Skunk se contenta de hausser les épaules. Son beau visage étroit était pensif. Ses yeux ne quittaient pas le vieil homme frissonnant étendu sur le lit.
« Les choses changent, dit Teuch. C’est pas parce qu’on était immunisés contre les maladies des pecnos il y a cinquante ou cent ans qu’on l’est toujours. Pour ce qu’on en sait, il pourrait s’agir d’un processus naturel.
— Tu voudrais me faire croire qu’il y a quoi que ce soit de naturel à ça ? » Elle montra Grand-Pa Flop du doigt.
« Un cas isolé ne préfigure pas une épidémie, dit Teuch. Il s’agit peut-être de totalement autre chose. Mais, si ça devait se reproduire, on devrait mettre en quarantaine celui ou celle à qui ça arrivera.
— Et ça suffirait ? »
Teuch hésita longuement. « Je sais pas. Peut-être qu’on l’a tous. Une sorte de bombe à retardement intégrée. Ou de la dynamite branchée sur un minuteur. D’après les dernières recherches scientifiques, c’est comme ça que vieillissent les pecnos. Ils vivent, ils vivent, sans pratiquement aucun changement, et tout d’un coup quelque chose se déclenche dans leurs gènes. Leurs rides commencent à apparaître et, du jour au lendemain, ils ont besoin d’une canne pour marcher. »

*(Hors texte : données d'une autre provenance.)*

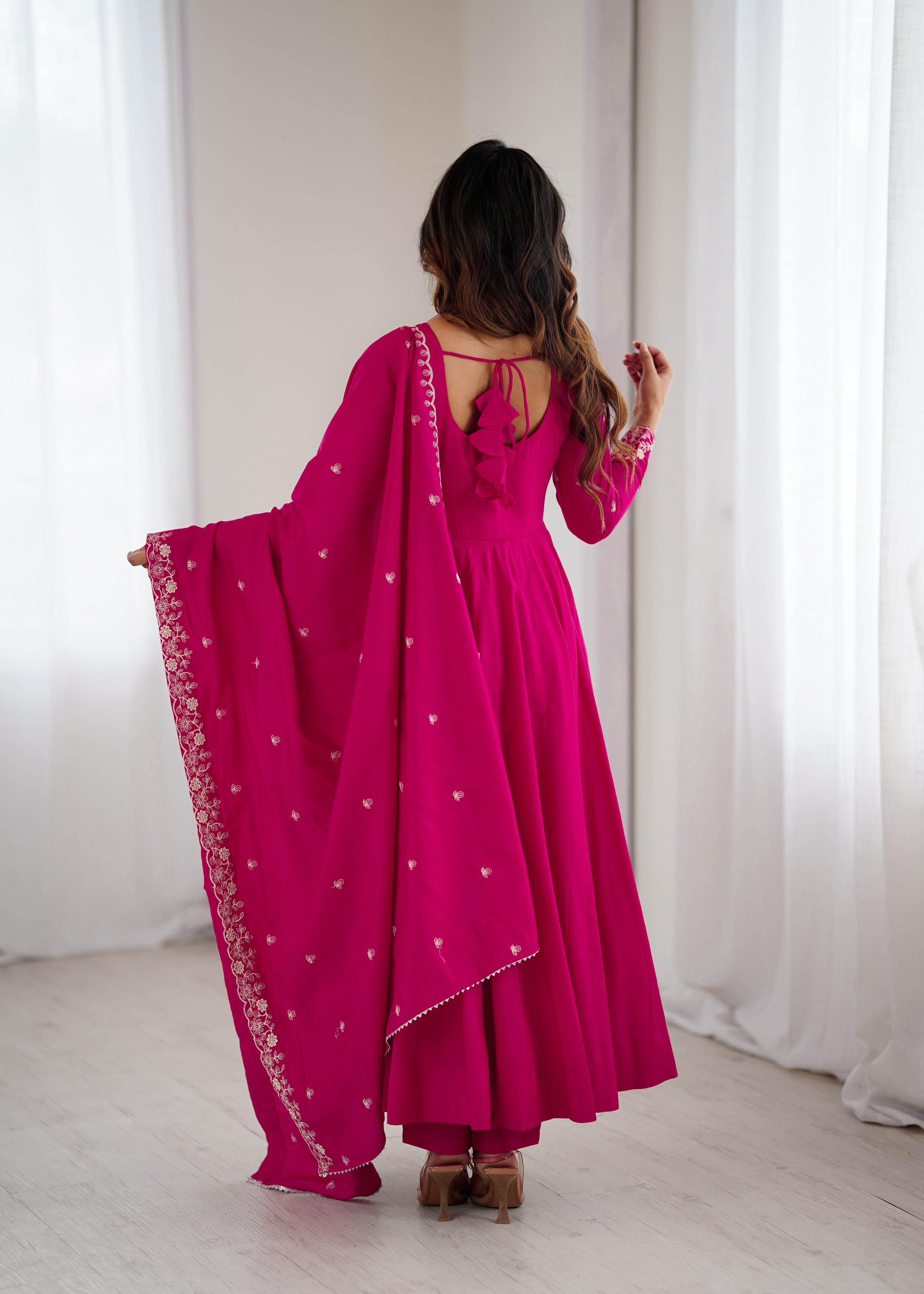Stylish Embroidered Anarkali Dress with Matching Dupatta.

Skunk n’avait pas quitté Grand-Pa des yeux. « Oh, merde, v’là qu’y recommence. »
La peau de Grand-Pa Flop devint laiteuse. Puis translucide. Lorsqu’elle atteignit un niveau de transparence complète, Rose put voir son foie à travers, les deux sacs gris-noir ratatinés de ses poumons, le nœud rouge palpitant de son cœur. Elle vit ses veines et ses artères, semblables aux routes et aux autoroutes sur le GPS intégré à son tableau de bord. Elle vit les nerfs optiques connectant ses yeux à son cerveau. On aurait dit des cordes fantomatiques.

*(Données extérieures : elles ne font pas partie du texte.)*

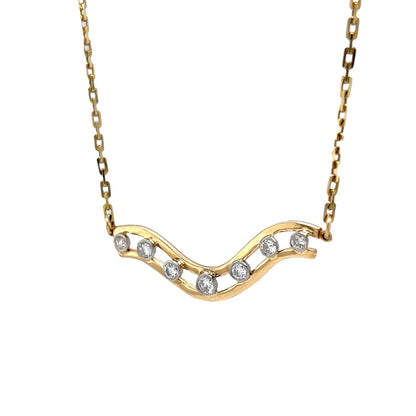 .36 Round Diamond Pendant Necklace in 14k Yellow Gold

Et puis, il revint. Ses yeux bougèrent, accrochèrent ceux de Rose, s’y cramponnèrent. Il tendit le bras, saisit la main intacte de Rose, dont le réflexe fut de se dérober — s’il avait la maladie que Teuch disait qu’il avait, il était contagieux —, mais bon, au point où on en était… Teuch avait raison: ils avaient tous été exposés.
« Rose, chuchota-t-il. Me laisse pas.
— Non, je vais pas te laisser. » Leurs doigts entrelacés, elle s’assit près de lui sur le lit. « Skunk ?
— Oui, Rose.
— Le colis que t’as fait envoyer à Sturbridge… ils peuvent nous le garder quelques jours, tu crois ?
— Bien sûr.
— Très bien, alors on va d’abord faire ce qu’on a à faire ici. Mais on ne peut pas attendre trop longtemps. La môme est beaucoup plus dangereuse que ce que je pensais. » Rose Claque soupira. « Pourquoi faut-il que les problèmes arrivent toujours tous en même temps ?

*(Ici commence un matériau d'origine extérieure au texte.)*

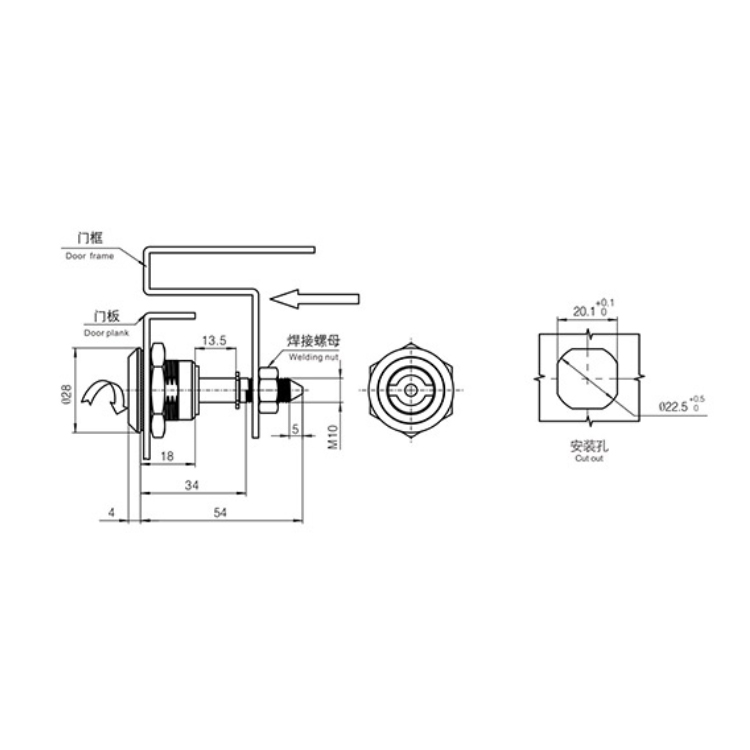 Tombol Jenis Padlock Jenis Cam Lock-A6051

— C’est elle qui a fait ça à ta main ? »
Voilà une question à laquelle elle ne souhaitait pas répondre. « Je pourrai pas être des vôtres parce qu’elle me connaît maintenant. » Et aussi, pensa-t-elle sans le dire, parce que s’il nous arrive ici ce que Teuch pense qu’il nous arrive, les autres auront besoin de moi pour jouer les Mère Courage. « Mais il faut qu’on la chope. C’est plus important que jamais.
— Parce que… ?
— Si elle a déjà eu la rougeole, elle aura développé une immunité contre le virus. Ce qui pourrait nous rendre sa vapeur encore plus utile.
— Les gosses sont vaccinés contre toutes ces merdes de nos jours », remarqua Skunk.
Rose approuva de la tête. « Si elle est vaccinée, sa vapeur pourrait nous vacciner à notre tour. »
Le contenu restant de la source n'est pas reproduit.